After wrapping things up at the Princess Mother Memorial Garden, we wander down a few more alleyways, twists, and turns until we arrive at another site unique to Thonburi, the Kuan Ou Shrine.
This shrine predates the founding of Bangkok itself, and is dedicated to the ancient Chinese god of war, Kuan Yu. He was a general in the 2nd and 3rd centuries, China's civil war period during which feudal kingdoms vied for power.
We move on from Kuan Ou, and make our way through more local streets towards the river. Along the way, we encounter some street food vendors. I would love to stop and sample their delights...but alas that is a different tour. :)
We continue moving through Thonburi's quiet city streets, make our way past some of its canals, which were once the primary means of transportation here before the automobile arrived, and eventually arrive in front of the Chao Praya river.
Our guide, Esso, produces a handful of images showing us 'before and after' renditions of the places we are walking past. It really gives you a sense of how much(and how little) some of the landscape has changed over hundreds of years.
The tour takes us along the Chao Praya on a concrete pedestrian walkway. It's a scenic stroll, and being next to the river again cools us as a breeze unobstructed by any buildings blows across our brows.
We make our way along the river to find ourselves at Santa Cruz Church, an old(and still running) Portuguese catholic church built on land given in 1769 to the Portuguese soldiers who helped Thailand defend against the invading Burmese army.
The church is older than even some of Bangkok's oldest Buddhist buildings, and stands as a symbol of cultural and religious tolerance in Thailand
The tour is nearly over as we wander down a few more side streets and end up at Wat Kalayanamit, a replica temple that exactly mimics one in Ayutthaya. When the capital of Thailand was moved from there to here, this piece of land was donated by a Chinese nobleman to honor King Rama III.
Inside is an impressive 15-meter tall Buddha image completely covered in gold leaf. It is Thailand's largest sitting Buddha.

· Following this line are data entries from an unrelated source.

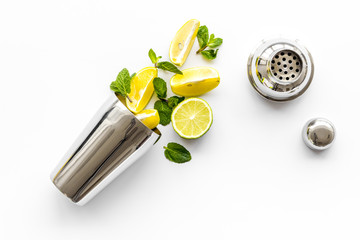 Bar background. Making cocktails concept. Shaker, lime on white background top-down copy space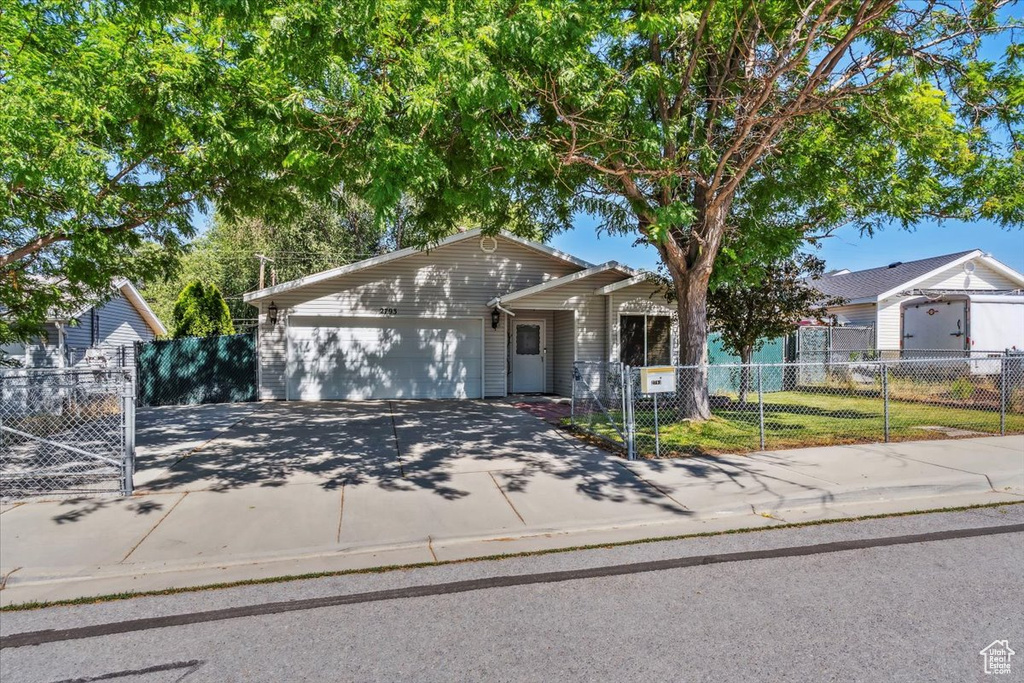 Single story home featuring driveway, a garage, and a fenced front yard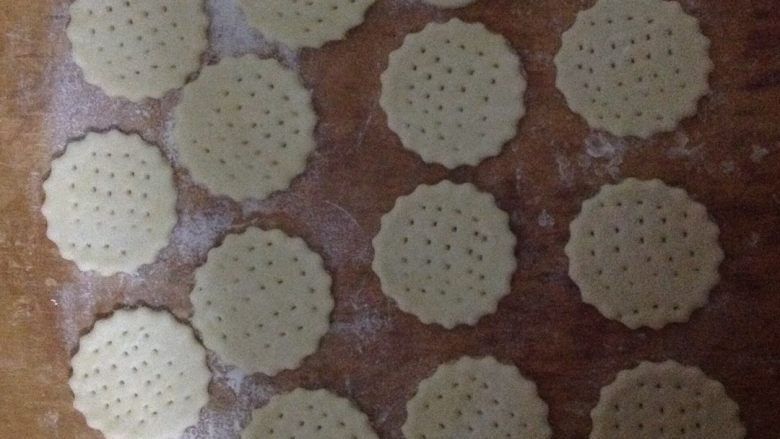 咸味小饼干,面板上把面团擀开，用模具压出饼干花纹，叉子戳洞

If you'd like to see a different side of Bangkok's culture, or just want a little break from the typical dining, shopping, foodie fare found in the city center, Thonburi is well worth your time.
Things I loved about this tour: Our guide Esso was very knowledgeable about the areas history, and also shared many random facts and figures about the various things we saw along the way.
Things that I thought could be improved: It's not really a food tour, but four hours may actually lend itself to a short stop to try out some dish or snack that is unique to the area. Our stomachs weren't hurting, but about two hours into the tour a "foodie stop" would have been exciting. :)
A typical walking tour lasts about four hours, and it's recommended that you bring a good pair of shoes, some water, sunscreen, and of course...your camera.
Our tour was hosted by our friends at Expique, and all the opinions expressed and photos captured in this post are ours.